Mit einem angemieteten Transporter schafften die beiden Männer ihr Opfer dann in die gemeinsam bezogene Wohnung in Niehl, wo sie in einem zur Schallunterdrückung mit Malervlies ausgekleideten Badezimmer bis zum frühen Nachmittag des Folgetages festgehalten wurde. Währenddessen wurde ihr von dem 55-Jährigen, der eine Ausbildung als Krankenpfleger für Anästhesie hat, ein Venenkatheter gelegt und ihr Beruhigungsmittel verabreicht. Von dem 40-Jährigen wurde ihr angedroht, sie müsse seinen Kot essen, was man mit Kamera aufnehmen werde. Auch wurde ihr angedroht, dass man Pornos mit ihr drehen und die Aufnahmen im Internet veröffentlichen würde.

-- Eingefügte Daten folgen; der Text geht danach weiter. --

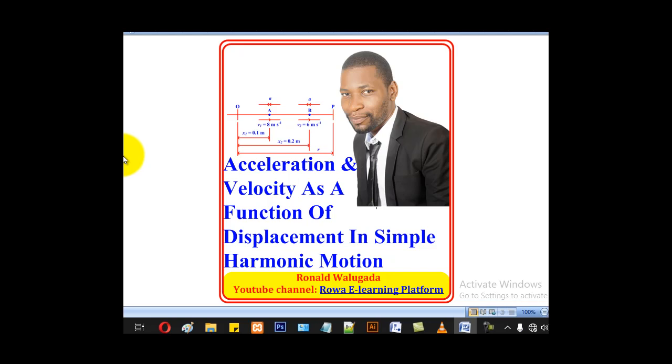Hello viewers, this is Walgada Ronald taking you through today's tutorial on acceleration and velocity expressed as a function of displacement in simple harmonic motion.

Nachdem die Therapeutin sich schriftlich verpflichtete, 1,5 Millionen Euro an den 40-Jährigen wegen angeblicher Behandlungsfehler zu überweisen und eine Schweigeerklärung unterzeichnet hatte, mit der sie versicherte, nicht zur Polizei zu gehen, sei sich schließlich von dem 40-Jährigen freigelassen worden.

Dem Opfer noch das Handy nachgetragen

„Das war in der Rückschau natürlich blauäugig“, sagte der Vorsitzende, denn die Nebenklägerin habe sich nicht an das Versprechen gebunden gefühlt und umgehend die Polizei verständigt. Ein weiteres bizarres Detail: Weil das Opfer sein Handy in der Wohnung vergessen hatte, rannte der 40-Jährige der Frau noch auf der Straße hinterher, um ihr das Gerät zu übergeben.

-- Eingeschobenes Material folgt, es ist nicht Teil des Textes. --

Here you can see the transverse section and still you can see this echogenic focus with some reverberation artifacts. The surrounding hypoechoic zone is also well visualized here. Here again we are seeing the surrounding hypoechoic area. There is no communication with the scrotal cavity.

Grund für die Entführung sei vor allem die narzisstische Persönlichkeitsstörung des 40-Jährigen gewesen. Er habe es als Demütigung und Kränkung empfunden, dass die Frau die mehrjährige Therapie im Sommer 2023 beendet hatte. Hierfür habe der 40-Jährige einerseits Rache nehmen, aber auch finanziell profitieren wollen. Der 55-jährige Mittäter habe „aus Liebe“ zu seinem Verlobten mitgemacht, wie der er selbst in seinem Geständnis gesagt hatte. Er hatte im Laufe des Gerichtsprozesses auch mehrfach bekräftigt, dass er den 40-Jährigen auch jetzt noch heiraten wolle.